Étant donné ce qui précède et, ne fusse que par pure mauvaise foi, j’aurais donc une tendance naturelle à dire du mal d’Apple et en particulier de l’iPad.  Je rêvais, à l’occasion de l’annonce du 27 janvier, d’une Barack Obamisation de Steve Jobs : un jour, ces gens qu’on pense surnaturels, infaillibles et providentiels deviennent bêtement humains par excès de confiance, par panne d’imagination ou à cause des lois de la gravitation. Mais voilà, malgré l’exaspérant show d’autoglorification, malgré la vidéo sur Apple.com dans laquelle les gens ont tous l’air halluciné d’effrayantes Bernadette Soubirous, malgré leur chapelet de superlatifs incantatoires : je dois reconnaitre que l’iPad est un objet révolutionnaire au sens plein de révolutionnaire.

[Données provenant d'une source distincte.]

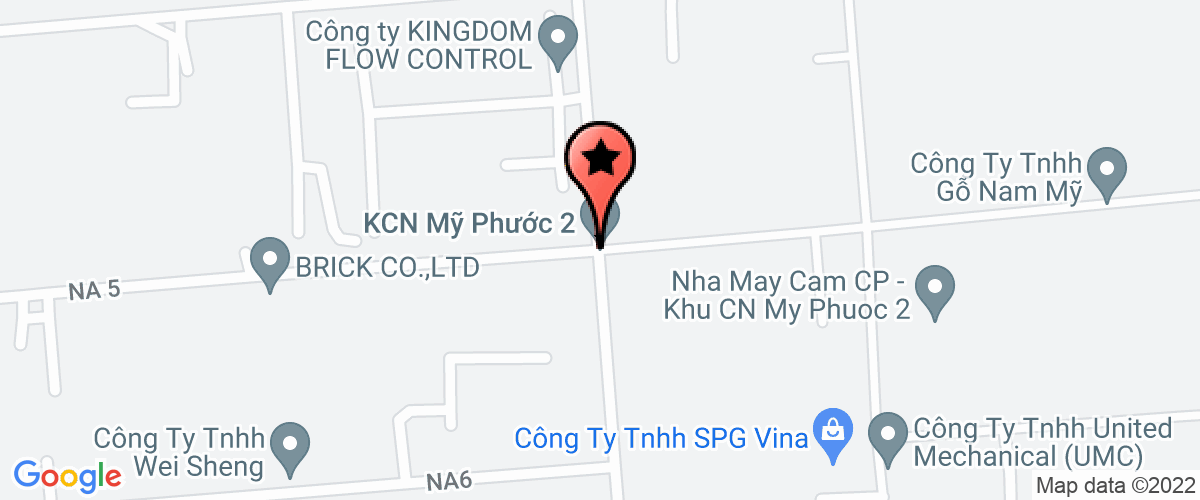 Bản đồ đến địa chỉ Công Ty TNHH Nhựa Shun Shing (Việt Nam)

Oui, l’iPad n’est jamais qu’un iPhone maxi ; non, l’iPad ne fait pas de multitasking ; non, il ne tourne pas sous Mac OS mais sous iPhone OS ; oui, il n’a qu’un pauvre clavier virtuel de merde. Mais ce sont précisément tous ces choix qui font de l’apparition de l’iPad un évènement majeur : l’iPad inaugure la fin officielle de l’Informatique pour introduire vraiment la vie numérique (l’expression est plouc mais je n’en ai pas trouvé d’autre).

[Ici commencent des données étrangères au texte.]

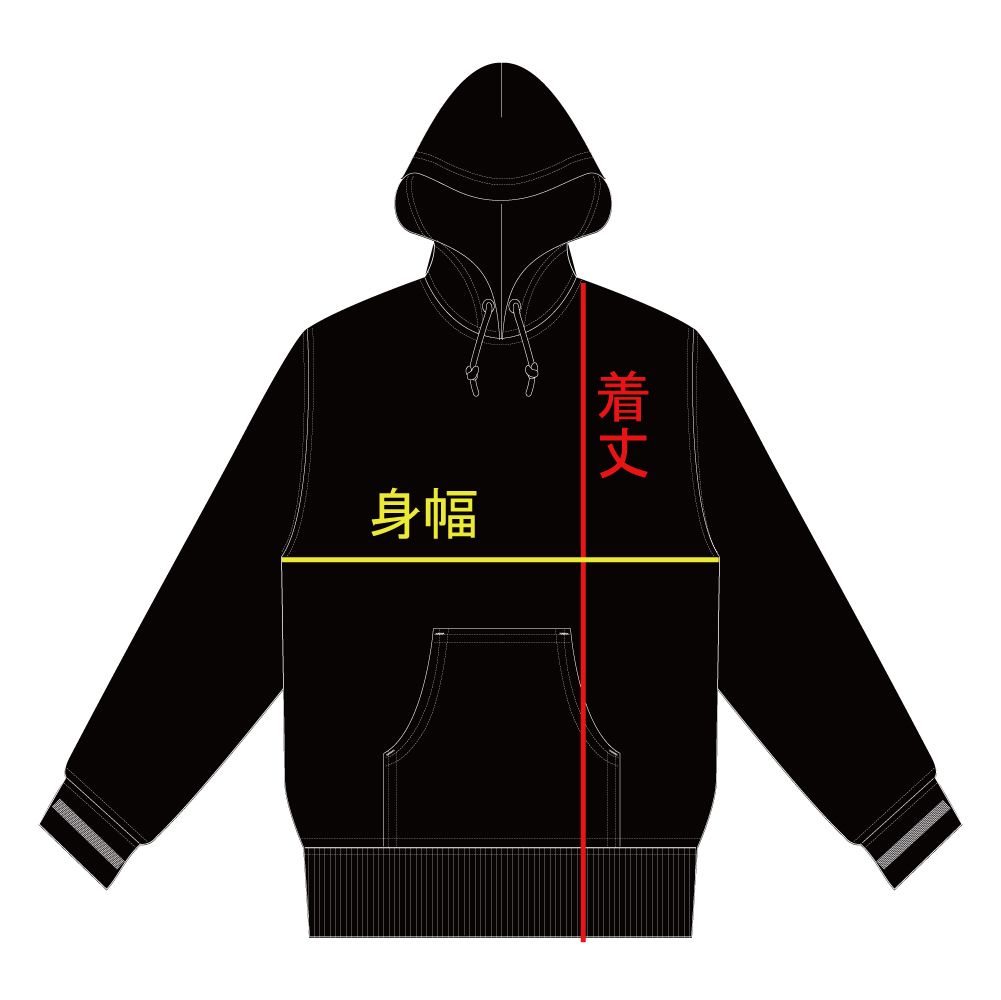 新品未使用 NIRVANA / Flipper プルオーバーパーカー 2XL｜Yahoo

Le PC, élevé dans le monde de l’entreprise

Depuis quasiment les débuts et jusque dans le dernier des netbooks, tous nos ordinateurs se sont inscrits dans une même trajectoire. Leur code génétique est resté celui de la machine à écrire, c’est-à-dire d’un outil de travail. Né dans un labo mais élevé dans le monde de l’entreprise, l’ordinateur a conservé son ADN de poste de travail. Un ordinateur est un truc en face duquel on s’installe pour travailler, en tout cas pour passer du temps. Même quand il est posé sur les genoux, la position du corps implicitement induite par sa forme et par la prééminence de son organe clavier est celle de la dactylo raide sur sa chaise. Le corps doit se placer de sorte à pouvoir taper sur un clavier. Ce clavier nous rappelle les valeurs fondamentales de l’objet : nous sommes là pour entrer des choses, pour travailler, ceci est un outil de productivité.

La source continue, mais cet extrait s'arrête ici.